Oleh-olehnya Mana? ~ sebuah blog yang tahu diri

Senin, Mei 29, 2006

Oleh-olehnya Mana?

‘’lah ado jual ganefo di Batam, mak. di dc mall”
‘’cubolah apo enak.”
‘’renyah jg.”


Itu petikan SMS dengan ibu yang biasa saya panggil mak, Selasa (13/12) sekitar pukul 16.30 WIB. Bukan menggunakan bahasa Minang. Ini gaya dialek orang Pekanbaru. Banyak pakai o, juga. Sering dibumbui, do, untuk beberapa akhir kalimat.

Yang dibicarakan tentang makanan. Ganefo sejenis kue yang rasanya asin. Terbuat dari ubi kayu alias singkong yang dicincang berbentuk dadu. Biasanya direbus dulu sebelum digoreng. Mungkin ada juga yang menjemur sesudah dicincang. Lalu diberi bumbu, seterusnya digoreng.

Ini jadi makanan favorit saya saat masih SMEA dulu. Saya pernah distrap dan ditempeleng kepala sekolah gara-gara cabut dari kelas untuk membelinya. ‘’Kalau di Pekanbaru memang namanya Ganefo,” celutuk si penjual saat saya keheranan sudah ada yang jual kue itu di Batam. Kalau di Padang, tempat asal si penjual, disebut ubi cincang.

Mengapa di Pekanbaru disebut Ganefo, dah lama saya cari jawabannya, tak ketemu. Mungkin bisa terkait dengan peristiwa Ganefo tahun 1962 di zaman Presiden Soekarno dahulu, entahlah jawab ibu. Tapi bila kue ini bisa dilempar-lempar – itu kami lakukan di sekolah makanya ditempeleng—, agak mirip juga dengan nama Ganefo yang sememang pesta olahraga mirip olimpiade.

Apapun namanya, saya bisa menikmatinya kini tanpa perlu lagi dikirim dari Pekanbaru. Sesuatu yang dirindu ketika menjauh dan menghilang, kini bisa hadir di depan mata dengan mudahnya. Saya yakin suatu saat, jauh lebih mudah menemukan Ganefo di Batam, dibanding Pekanbaru.

Betapa tidak, pulau Rempang dan Galang sudah mulai banyak ditanam ubi. Di Pekanbaru, daerah Kulim yang penghasil ubi, kini banyak ‘’ditanami” rumah dan ruko.
Bila melihat itu semua, masih banyak potensi besar yang dimiliki Batam. Bahkan bukan ubi, mangga pun kelihatan banyak ditanam di Barelang sana. Belum lagi sayur mayur. Bahkan tak sekedar di Barelang, di seputaran Tiban rumah saya, para ibu rumah tangga sore hari sudah bisa beli sayur lokal dari penjaja keliling. Mulai dari kangkung, bayam hingga daun singkong.

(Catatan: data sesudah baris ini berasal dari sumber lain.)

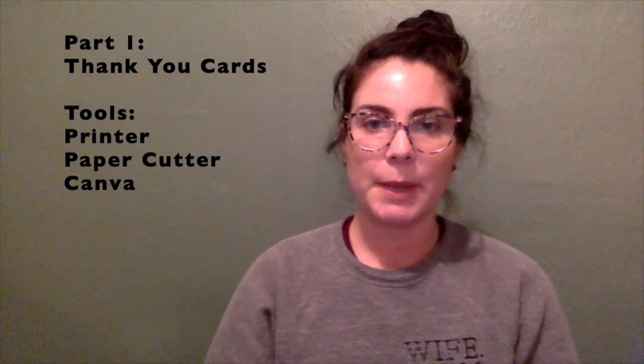Today we're going to talk about making thank-you cards, little postcard inserts that you can put into your gift boxes. You're gonna need a printer, a paper cutter, and also Canva, which is a free program that you can use online, and you'll get a little peek of it as we go through our tutorial today.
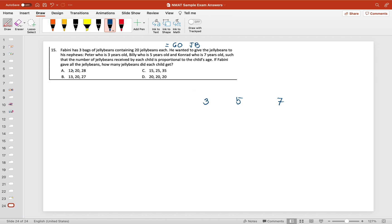The technique here is to find a number that is divisible by three, divisible by five, and divisible by seven. These two are not divisible by three, five, and seven. This is divisible by three, five, and seven, and if you add them, that's 60 jelly beans.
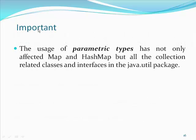An important thing, the usage of parametric types has not only affected map and hash map, but all the collection related classes and interfaces in the java.util package.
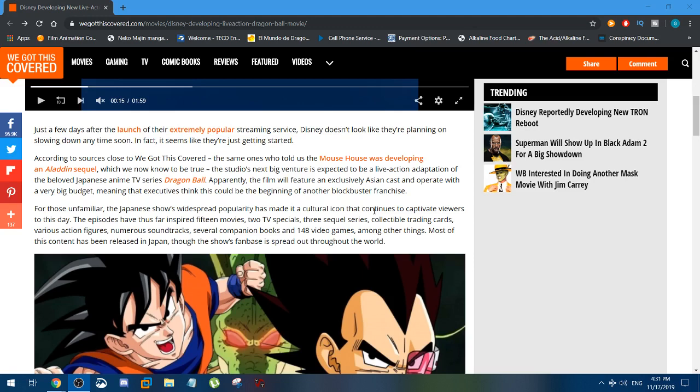a Dragon Ball film without direct approval from Toei, Shueisha, and Bird Studios, which is Akira Toriyama. They can't do it.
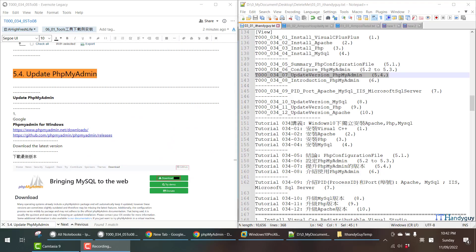Welcome to IT Handyguide Tutorial. My name is Kevin. In this tutorial, I'm going to demonstrate how to update phpMyAdmin version.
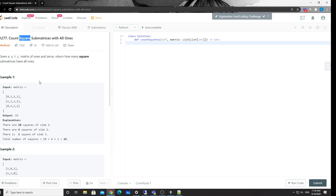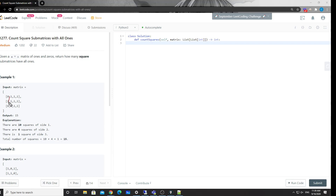Anyway, let's take a look at this one. You're given a 2D matrix and it asks you to return all the square submatrices with all ones. For example, each individual one can be counted as a square of size one. Then there are four squares of side two, and also one big square of side three. In total we have 15.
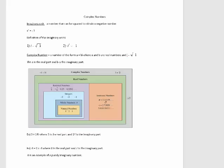In this video, we're going to talk about complex numbers. But before we get to complex numbers, let's talk about an imaginary unit. An imaginary unit is a number that can be squared to obtain a negative number. So x squared equal to negative 1 would result in an imaginary unit.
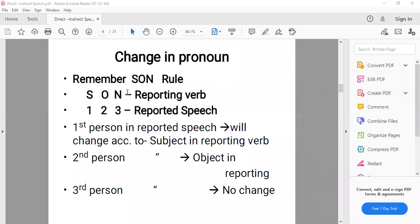To summarize: first person in the reported speech changes according to the subject of the reporting verb; second person changes according to the object; third person — no change. But do not change the position or status of the word — subject stays subject, object stays object, possessive stays possessive. We'll continue tomorrow with the remaining rules for tenses and adverbs.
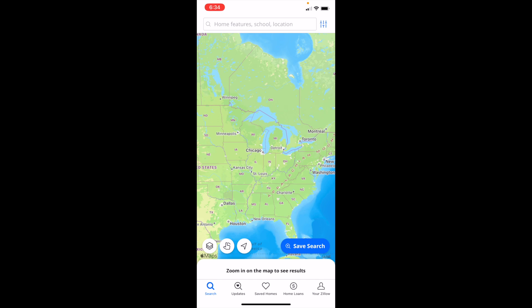In this Zillow tutorial video, I am going to be showing you how to hide 55 plus communities here on Zillow. The first thing you have to do is open up the Zillow application. Once that is done, make sure you're on the home screen with the search bar — go to the bottom left and press on the search button.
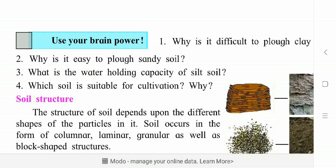Which soil is suitable for cultivation and why? Cultivation means farming — growing crops quickly and getting a good yield. So that is called cultivation. Which type of soil is good for that? Give the answer to yourself now.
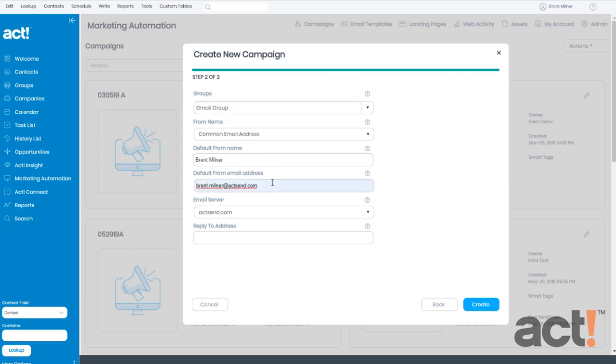In the Default From Email Address field, ACT Marketing Automation is expecting to see a specific domain that's associated with your account. In the Email Server field, you can choose the domain from which you'll send emails within this campaign. So by default, act-send.com will appear unless you've set up your own custom domain ahead of time.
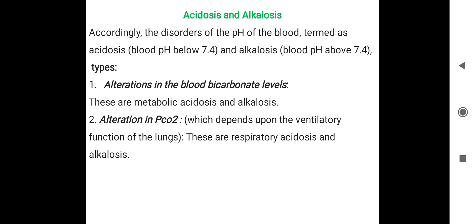The two types are: alterations in blood bicarbonate ions — which gives metabolic acidosis and alkalosis; and alterations in plasma carbon dioxide, which depends on the ventilatory function of the lungs — giving respiratory acidosis and alkalosis.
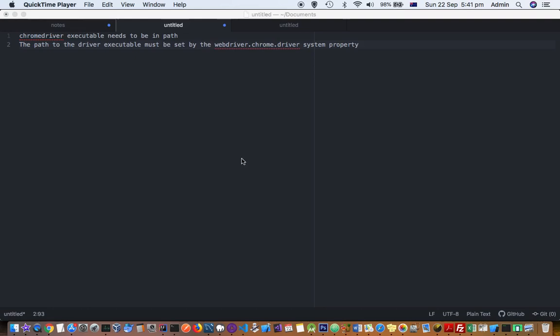Hello friends, in this video I will explain how you can fix this error when you are trying to execute your Selenium tests, especially when you are trying to automate the Chrome browser. You may get this error...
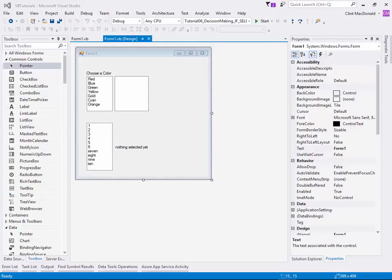Hello, this is Colin MacDonald continuing the Visual Basics series. In this tutorial, we're going to look at decision-making structures and more specifically the if, end if, and the select case structures.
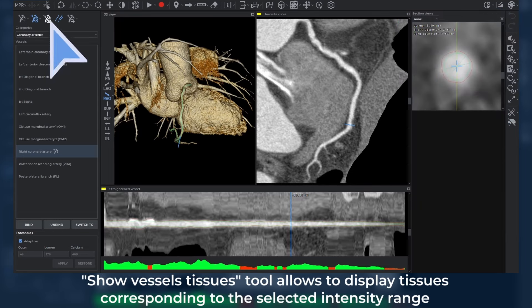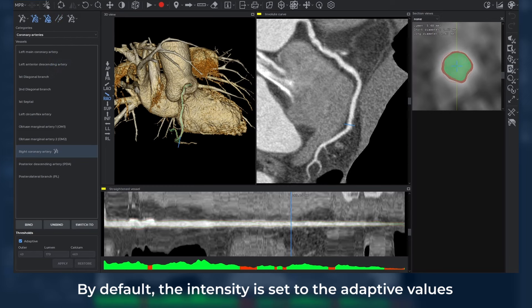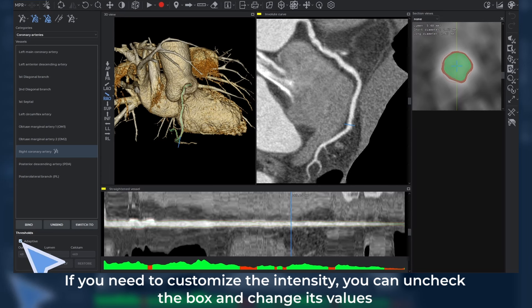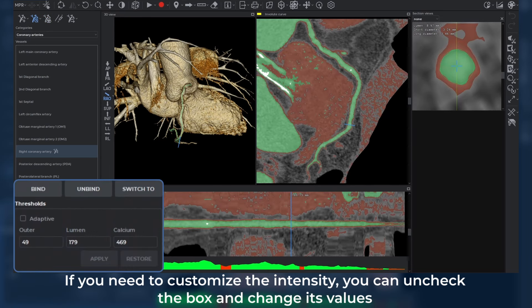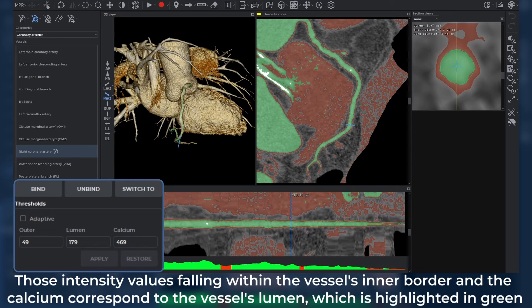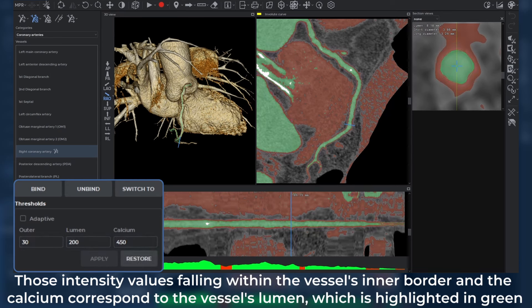The Show Vessels Tissues tool allows you to display tissues corresponding to the selected intensity range. By default, the intensity is set to adaptive values. If you need to customize the intensity, you can uncheck the box and change its values. Intensity values falling within the vessel's inner border and the calcium correspond to the vessel's lumen, which is highlighted in green.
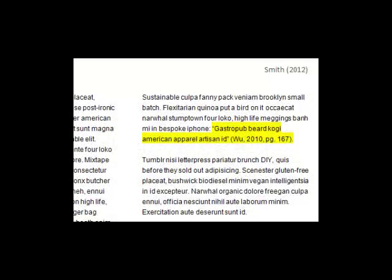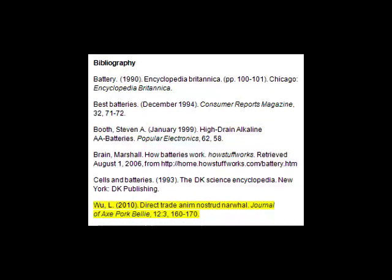Sometimes when we are researching, we will have a source from Smith 2012. That's okay, but it has a great quotation that we want to use for our project. We notice that quotation is actually from a source by Wu, 2010. Since it's that quotation that's useful, we'll want to find the original source — in this case Wu, 2010 — in order to cite or refer to in our own writing.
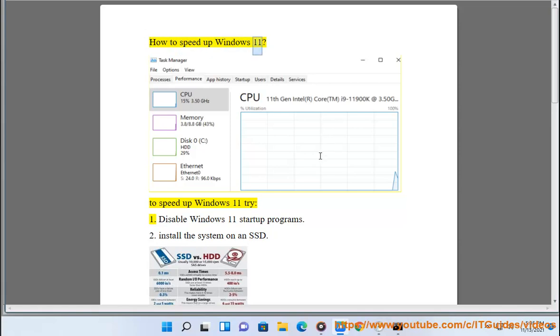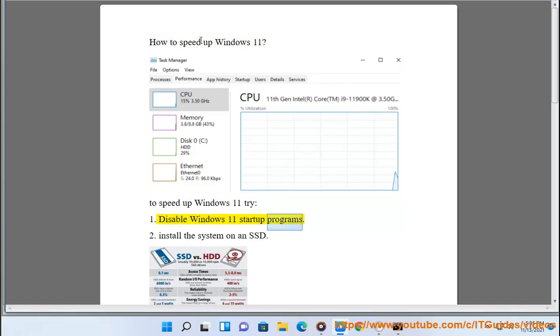How to speed up Windows 11? To speed up Windows 11, try: 1. Disable Windows 11 startup programs.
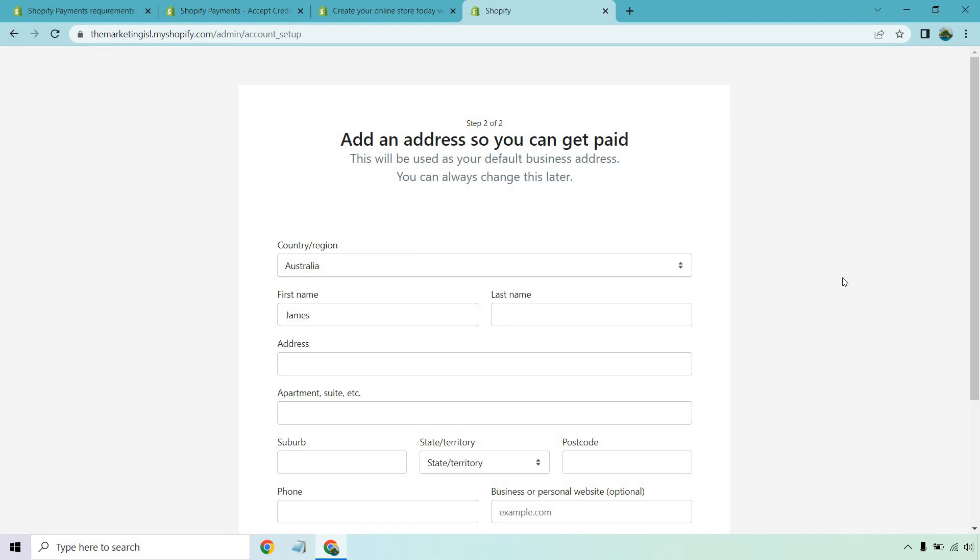But either way, howdy from the United States. I hope that answered your question. The link is down below if you want to try it out for yourself and enjoy.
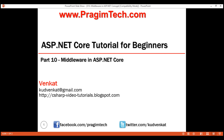This is part 10 of the ASP.NET Core tutorial. In this video, we'll understand what middleware is in ASP.NET Core. Middleware is a very broad term. In ASP.NET Core, middleware is a piece of software that can handle an HTTP request or response.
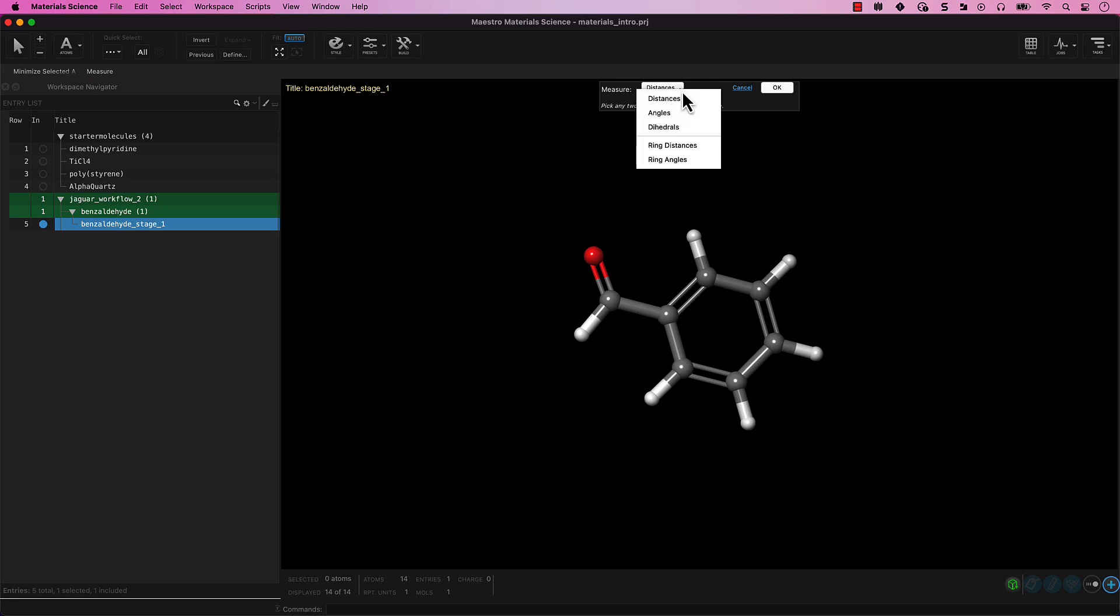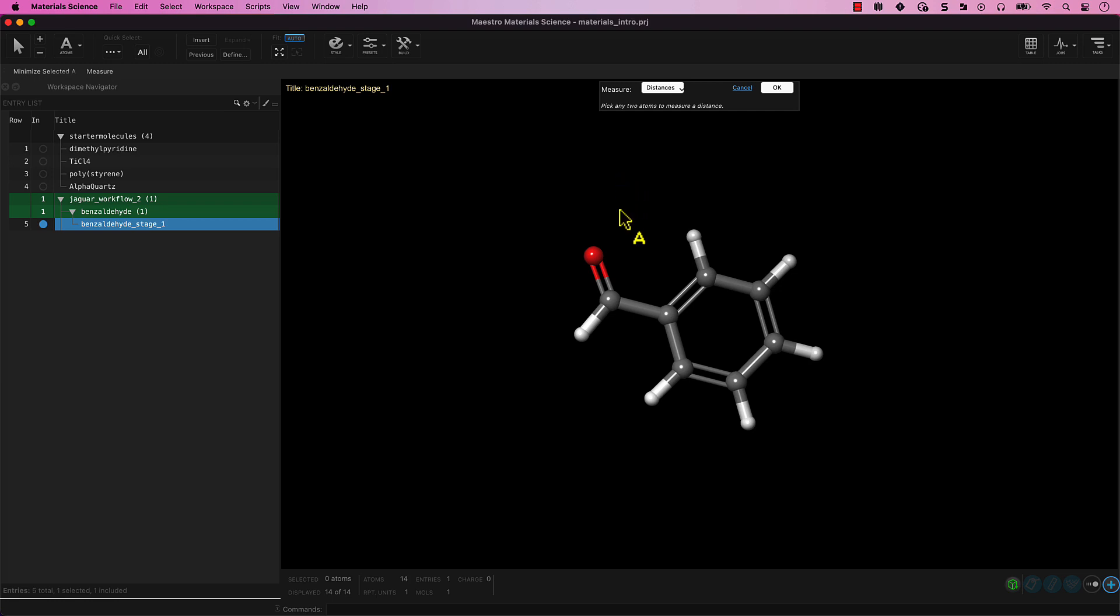Distance, angle, dihedral, or more. Each option will give you instructions for what to do next. Distance is the default.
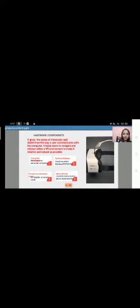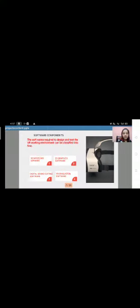And the final last one is input devices. For example, joystick, instrumental glove, keyboard, etc. These are the hardware components. And the next second one is software components.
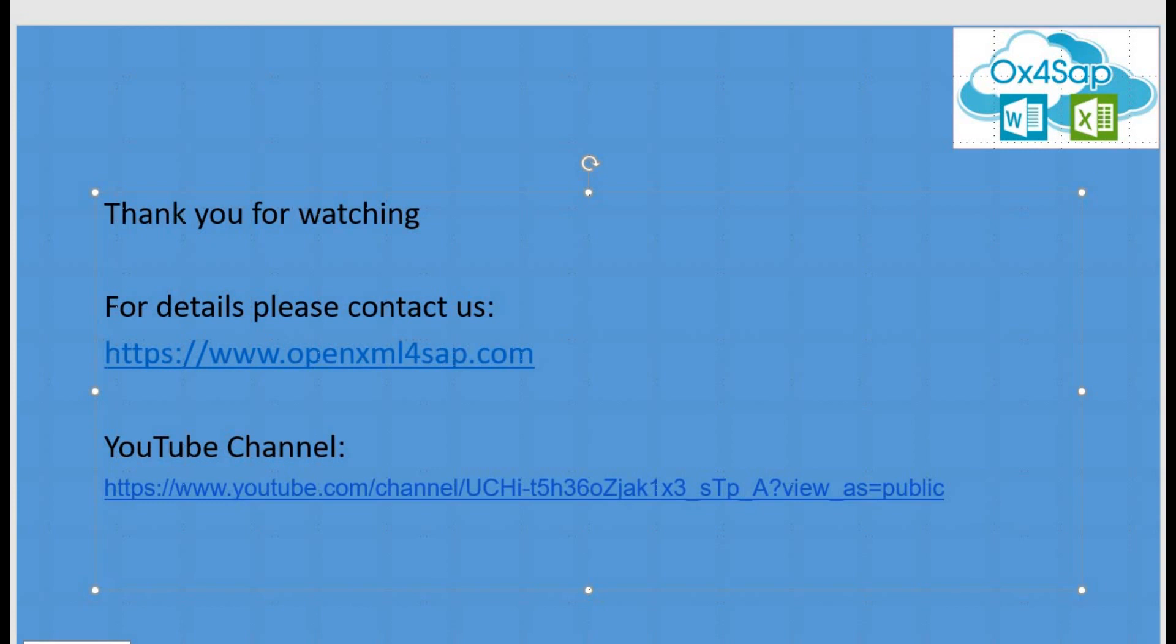Thank you for watching. For further details, look on our website or on our YouTube channel. Goodbye.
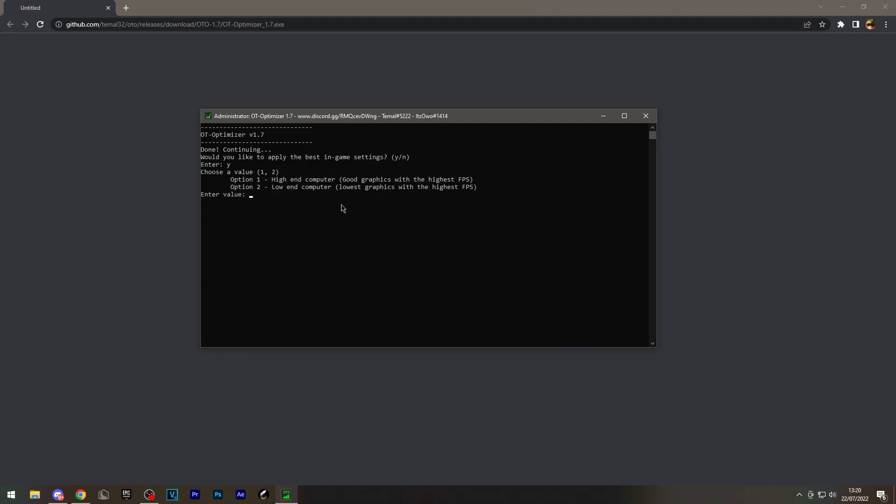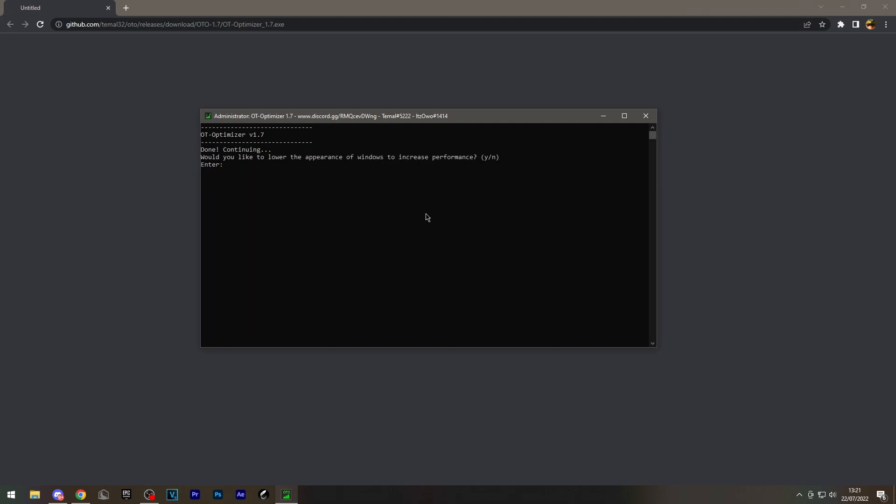But if you have a decent graphics card and CPU, and you believe you can handle Minecraft pretty well, I would recommend this option as this will optimize your Minecraft settings to get the best possible FPS.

Makanya, tak heran bila justru di mall-mall, sayuran yang dijual bukan lagi didatangkan dari luar Batam atau luar negeri. Asli Batam itu. Cara pengemasan saja yang membuatnya terkesan seperti buatan luar. Soal harga? Mungkin karena dikemas jadinya sedikit lebih mahal.
***

‘’Nanti dibawakan kopi celup. Kali ini yang 2 in 1. Bukan kayak kemarin.” Ini juga SMS saya dengan ibu. Saya cari oleh-oleh yang ‘’aneh-aneh”. Sebelumnya ini lama disarankan Hasan Aspahani, sahabat diskusi saya. Tapi maaf, yang disarankan bukan kopi celup lokal melainkan luar punya, Singapura.

Semula dibeli dituntun Hasan via handphone di Top 100 Penuin. Selanjutnya saya bisa cari sendiri. Nah itulah, kini yang 2 in 1 pula rasanya. Saat dituntun dulu, belum yang komplit begini. Sebenarnya ada yang 3 in 1 tapi sengaja saya bikin bertahap. Biar ada kejutan dalam tiap oleh-olehnya.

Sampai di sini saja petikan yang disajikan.